Nothing but the text belongs in the answer: the listing below, copied exactly, without pictures.
-------- Data under study --------
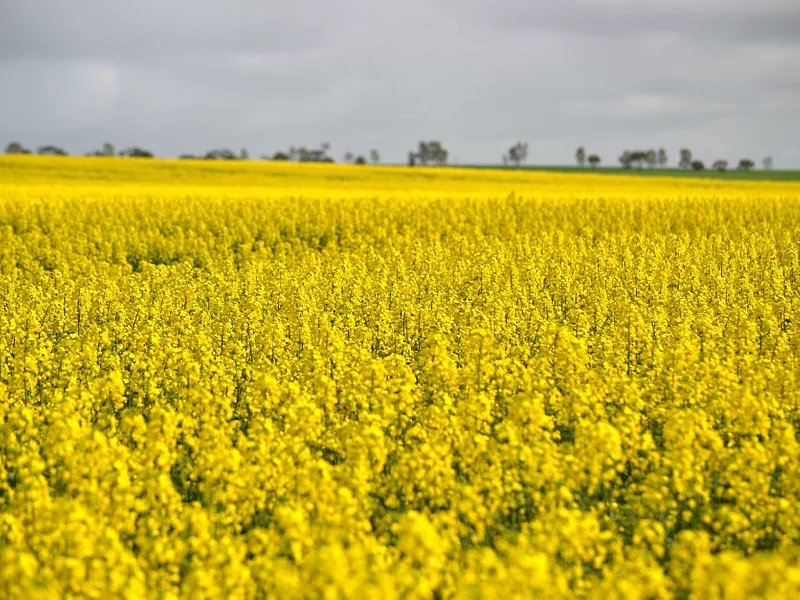 Canola_field.png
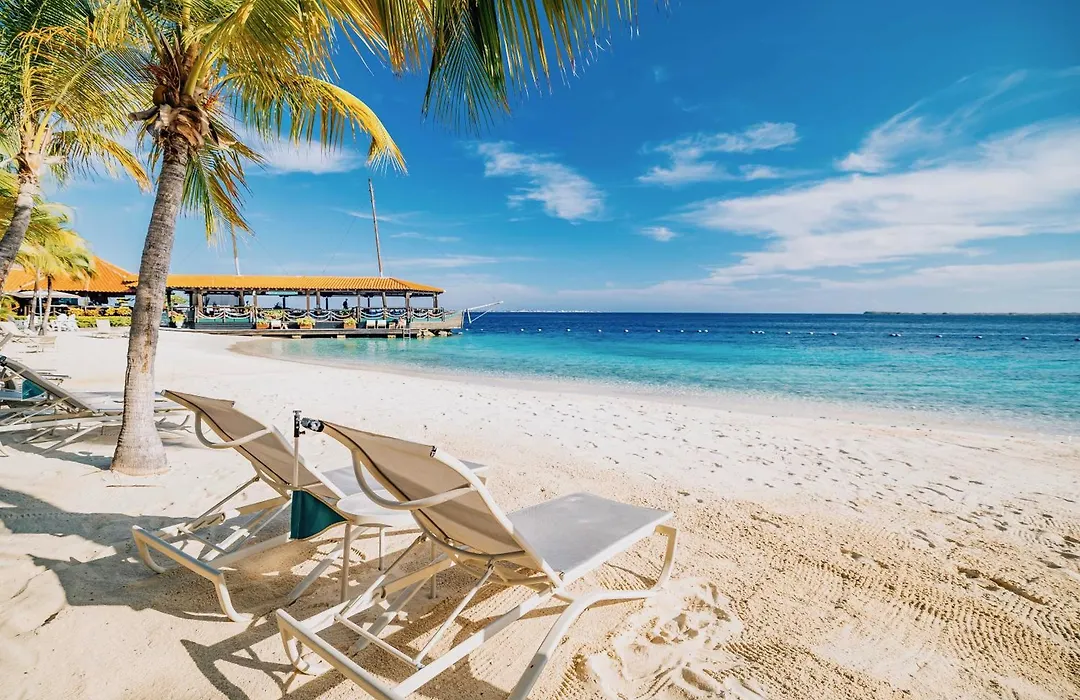 Harbour Village Beach Club-1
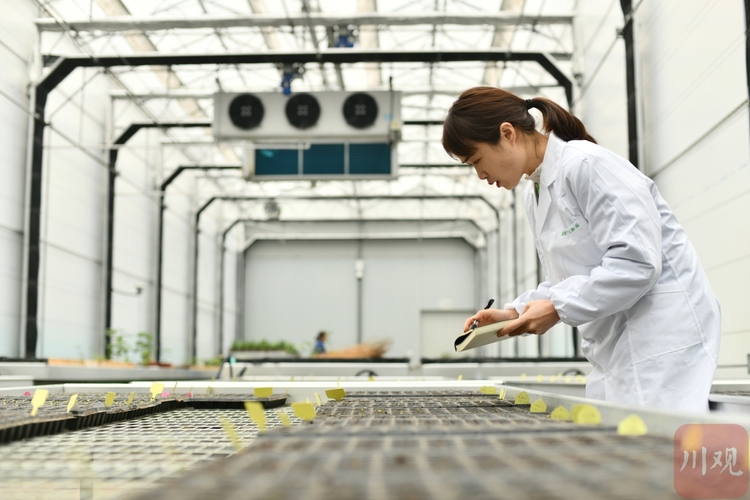 （转载）惊喜，4000粒太空芙蓉种子正在萌芽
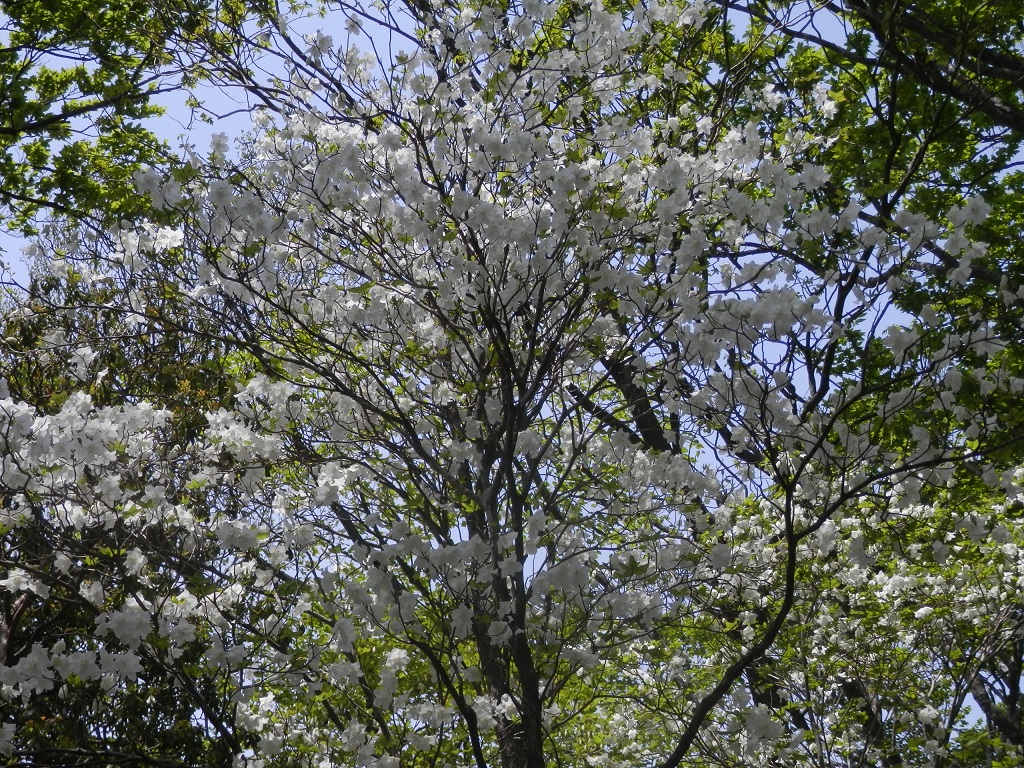 丹沢三峰 -- こんなに咲いて、来年はどうなるのだろうと思った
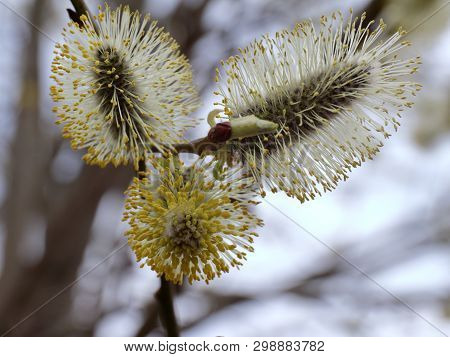 Salix Alba. Salix Acutifolia. Photo Of Inflorescence Of Willow In A Cloudy Spring Day. Can Be Used F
--------
Output for this exercise:
 Canola_field.png
 Harbour Village Beach Club-1
 （转载）惊喜，4000粒太空芙蓉种子正在萌芽
 丹沢三峰 -- こんなに咲いて、来年はどうなるのだろうと思った
 Salix Alba. Salix Acutifolia. Photo Of Inflorescence Of Willow In A Cloudy Spring Day. Can Be Used F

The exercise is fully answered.